Se è non è certo, è verosimile o altamente probabile: i “nostri eroi” torneranno da Bruxelles, dove è in corso il Consiglio Europeo (l’organo che riunisce i Capi di Stato e di Governo dell’Unione Europea) cantando vittoria e ringraziando la maggioranza che ha contribuito loro a farla ottenere. Anche se avranno quasi certamente perso.

Il comunicato finale, già steso da tempo e da un paio di settimane in giro non solo tra le Cancellerie ed i parlamentari europei (il documento è timbrato “SEC” ossia “segreto” ma nelle istituzioni europee la trasparenza è totale e la riservatezza nulla), sostiene che finalmente in Europa si vede una luce alla fine del tunnel e ci sono prospettive di ripresa per l’UE a 27; per i “discoli” mediterranei tali prospettive dipendono dai tempi e dai modi con cui faranno le riforme; all’Italia si riserva un sorriso – tra il tenero ed il beffardo – quasi a dire che il solco della buona strada sta per essere tracciato.

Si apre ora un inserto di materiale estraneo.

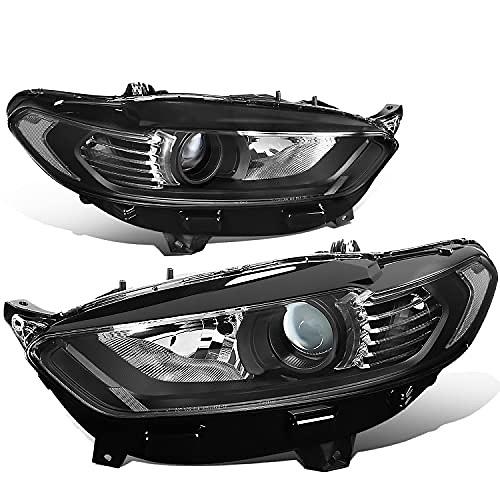OB HL-OH-FFUS13-BK-CL1 Pair of Black Clear Reflector Headlights w/LED Side Marker Compatible with 13-16 Fusion, Left & Right Side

Naturalmente, “vittoria” e “sconfitta” dipendono dagli obiettivi che ci era prefissi. Se si voleva una pacca sulle spalle e qualche miliardo di euro (sempre che lo si sappia spendere) per l’occupazione giovanile, si può essere convinti di tornare vincitori, come il Radames dell’Aida. Soprattutto se ai sorrisi del resto dell’UE, se ne aggiunge uno particolarmente affettuoso da Frau Merkel.

Se, invece, – come ha suggerito il 24 giugno alla “lezione Ippolito” Dominick Salvatore (l’economista italiano naturalizzato americano i cui libri sono tra i più tradotti ed i più venduti al mondo)- ci si proponeva di avviare una reale trattativa che rivedesse le norme del Fiscal Compact e dello stesso Trattato di Maastricht al fine di consentire all’Italia (ed ad altri Paesi dell’Eurozona) di porsi su un sentiero di crescita, l’esito del Consiglio Europeo deve essere considerato una sconfitta.
Mettersi sul solco della crescita dopo circa otto di recessione non vuole dire ottenere nel 2014 un aumento del Pil dello 0,5-1%.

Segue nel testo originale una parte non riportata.